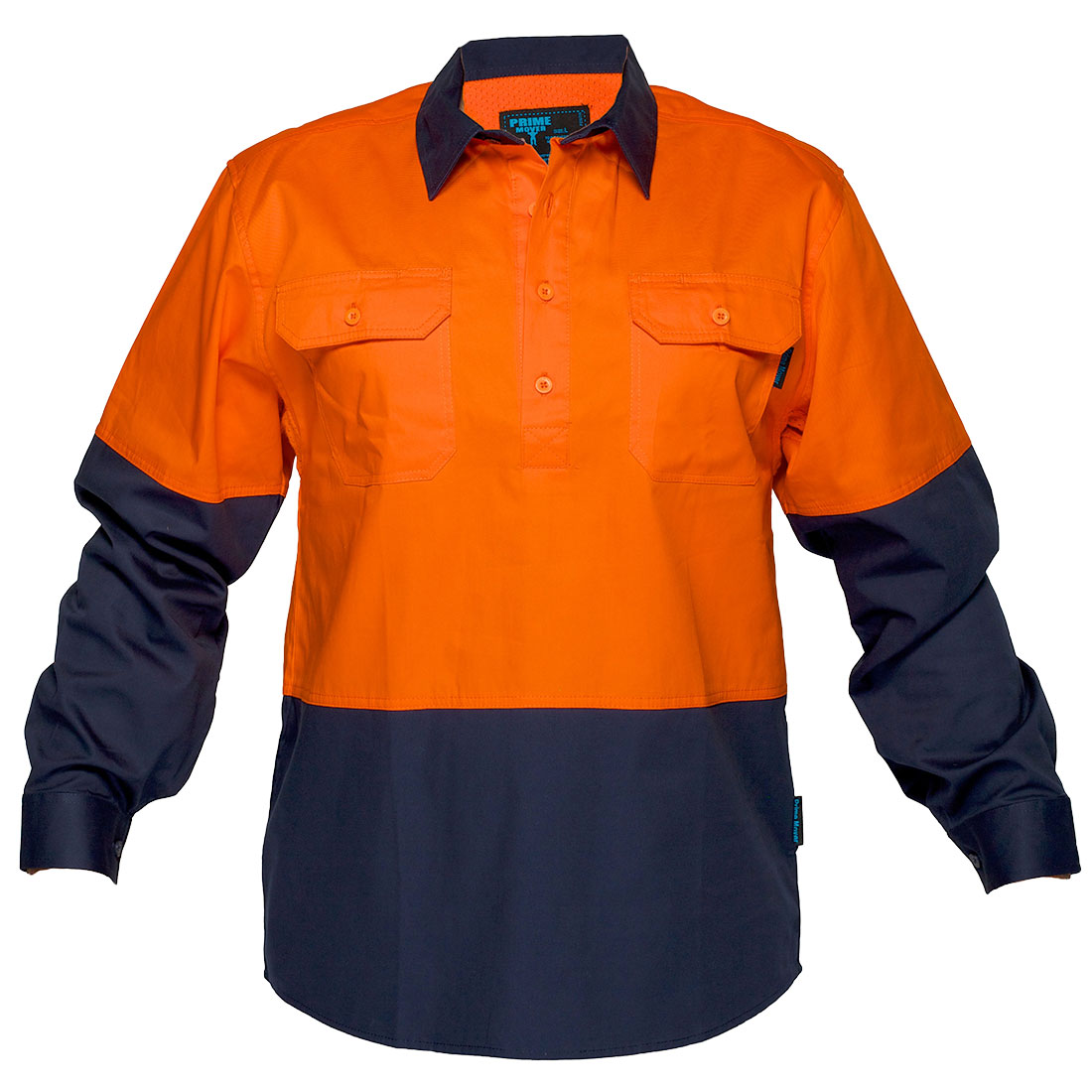 SHIRT L/S L/W C/F 100% COTTON ORANGE NAVY SIZES 2XL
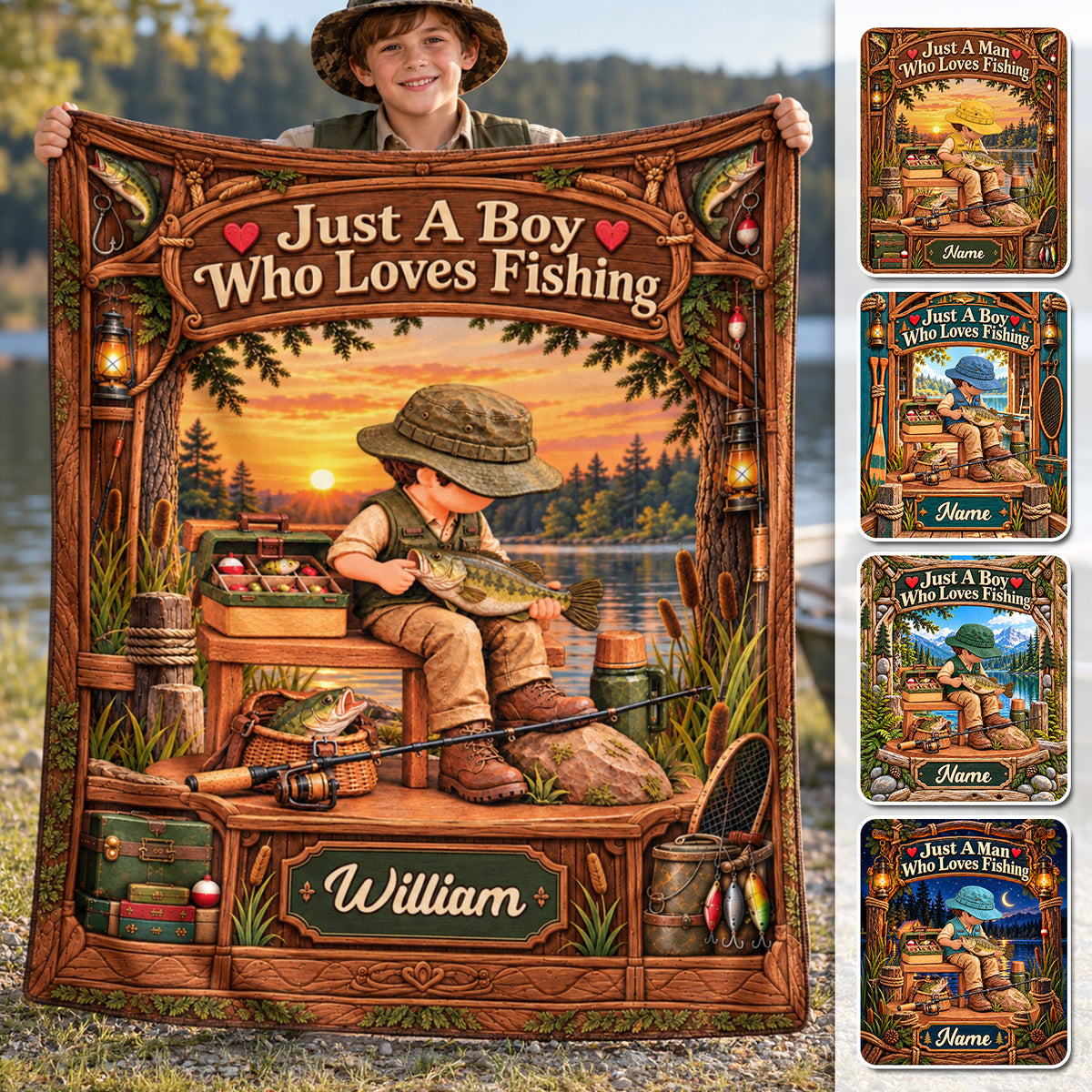Just A Boy Who Loves Fishing - Personalized Fishing Blanket - Custom Name Gift - Gift For Fishing Lover A2110 Hv01 TL06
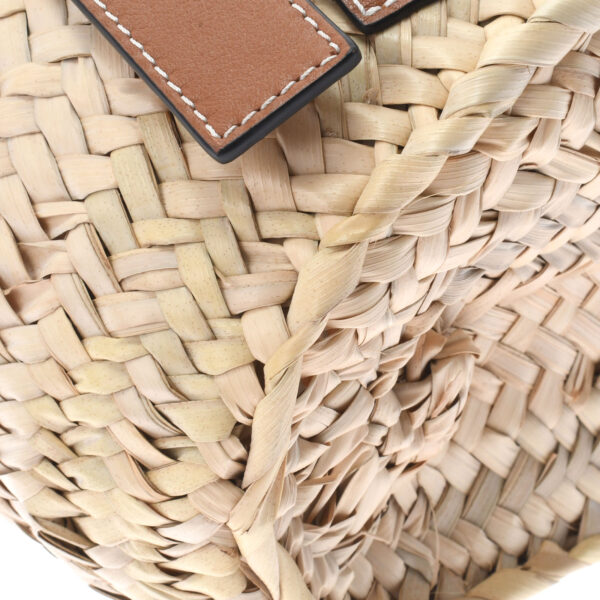 ik 00 0460827 5 Loewe Basket Bag Small Handbag Raffia Calf Natural Tan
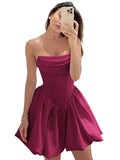 Satin Flower Bud Homecoming Dress Short Prom Dress Cowl Neck Pleated A Line Mini Cocktail Party Gown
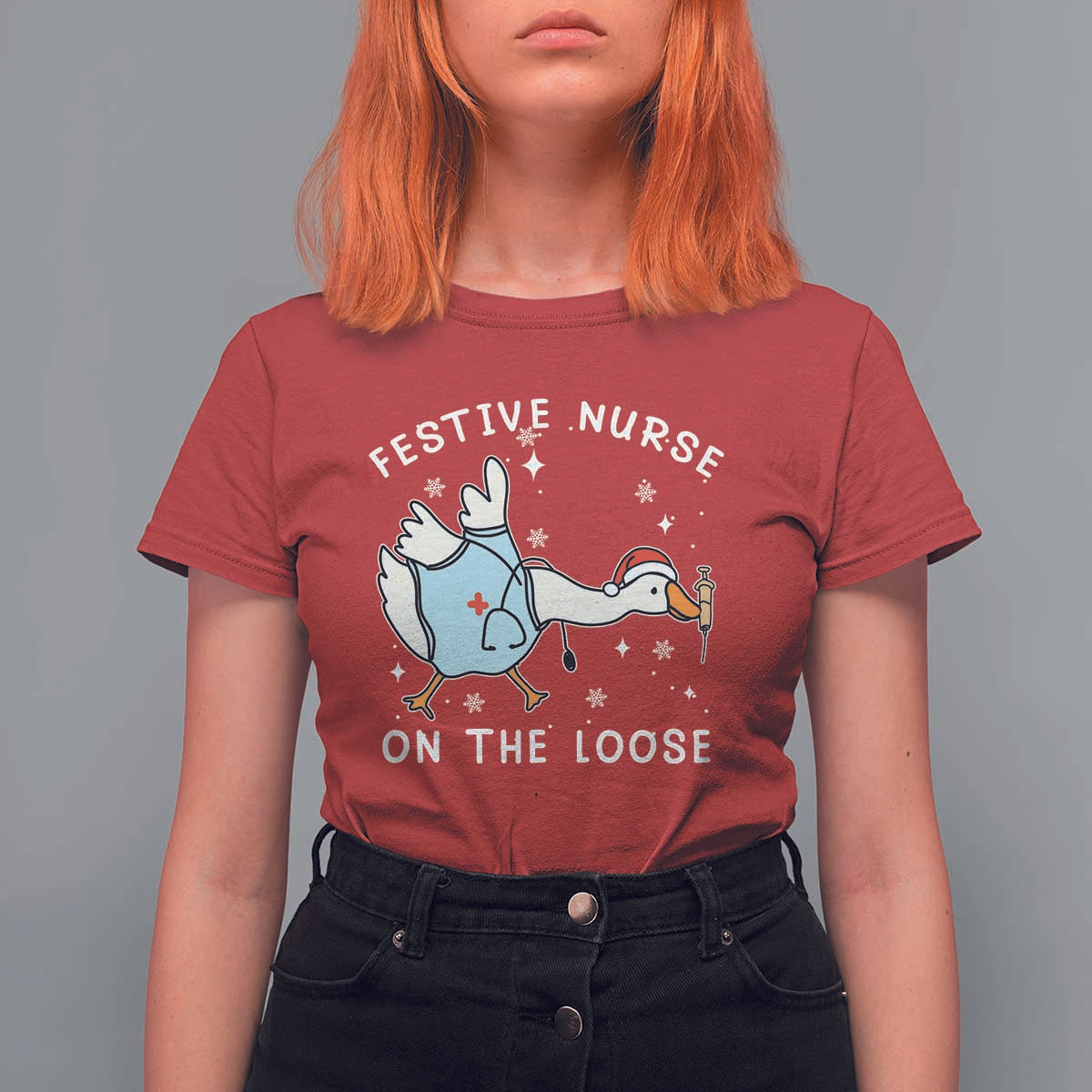 Funny ER Nurse Goose Christmas T Shirt For Women Festive Nurses On The Loose - Wonder Print Shop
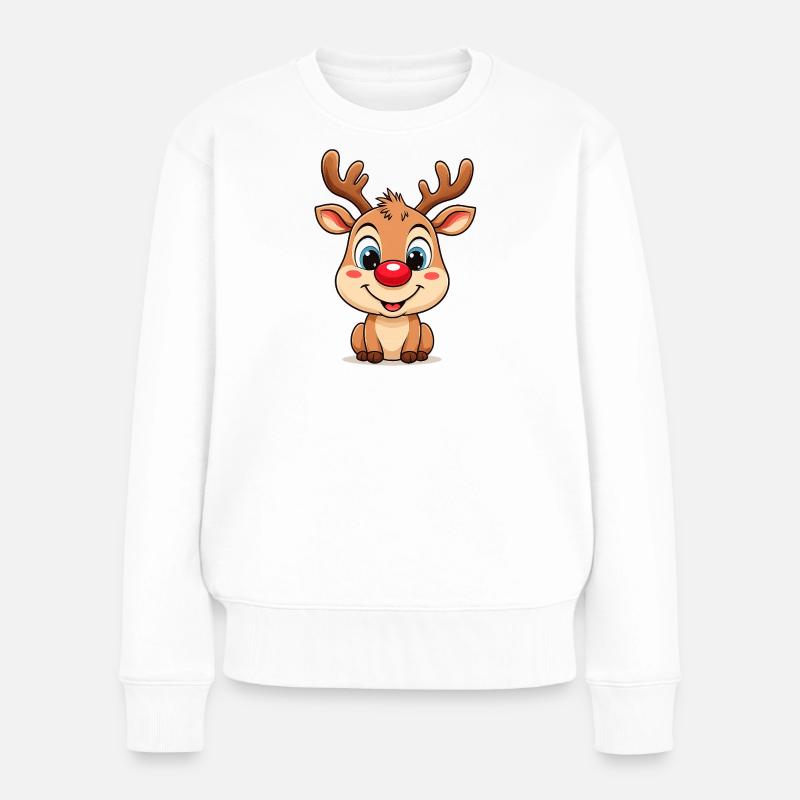 Pull de Noël Rudolph Reindeer Cartoon - Pull Premium bio Femme - blanc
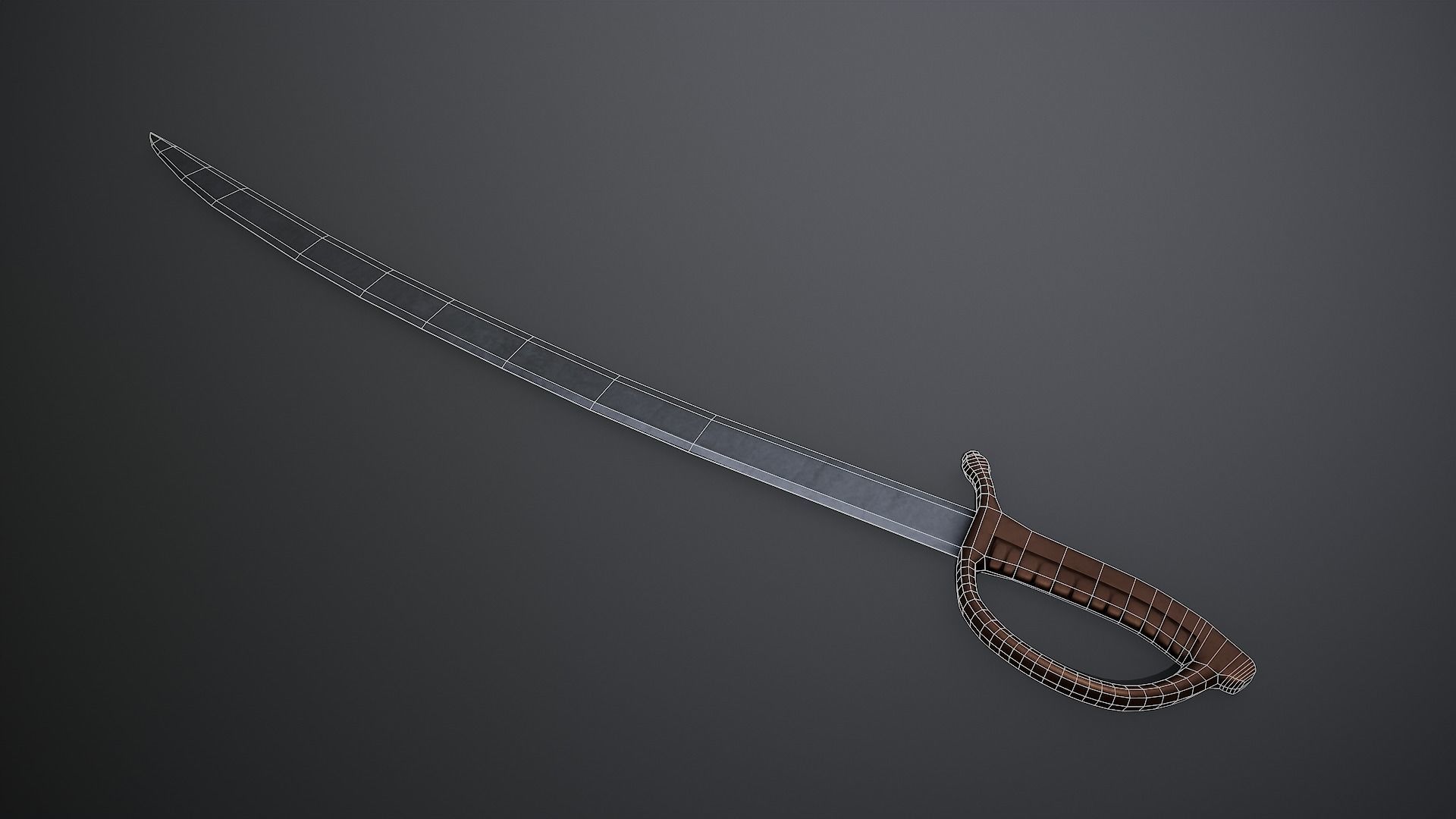Saber sword Low-poly 3D model_1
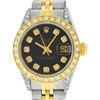 Rolex Ladies Quickset Two Tone Black Diamond Lugs Datejust Wristwatch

Task brief:
In the data above, take the line with "Satin Flower Bud", the line with "Saber sword Low-poly 3D model_1", and every line between, and set them down exactly without pictures.

Answer area:
 Satin Flower Bud Homecoming Dress Short Prom Dress Cowl Neck Pleated A Line Mini Cocktail Party Gown
 Funny ER Nurse Goose Christmas T Shirt For Women Festive Nurses On The Loose - Wonder Print Shop
 Pull de Noël Rudolph Reindeer Cartoon - Pull Premium bio Femme - blanc
Saber sword Low-poly 3D model_1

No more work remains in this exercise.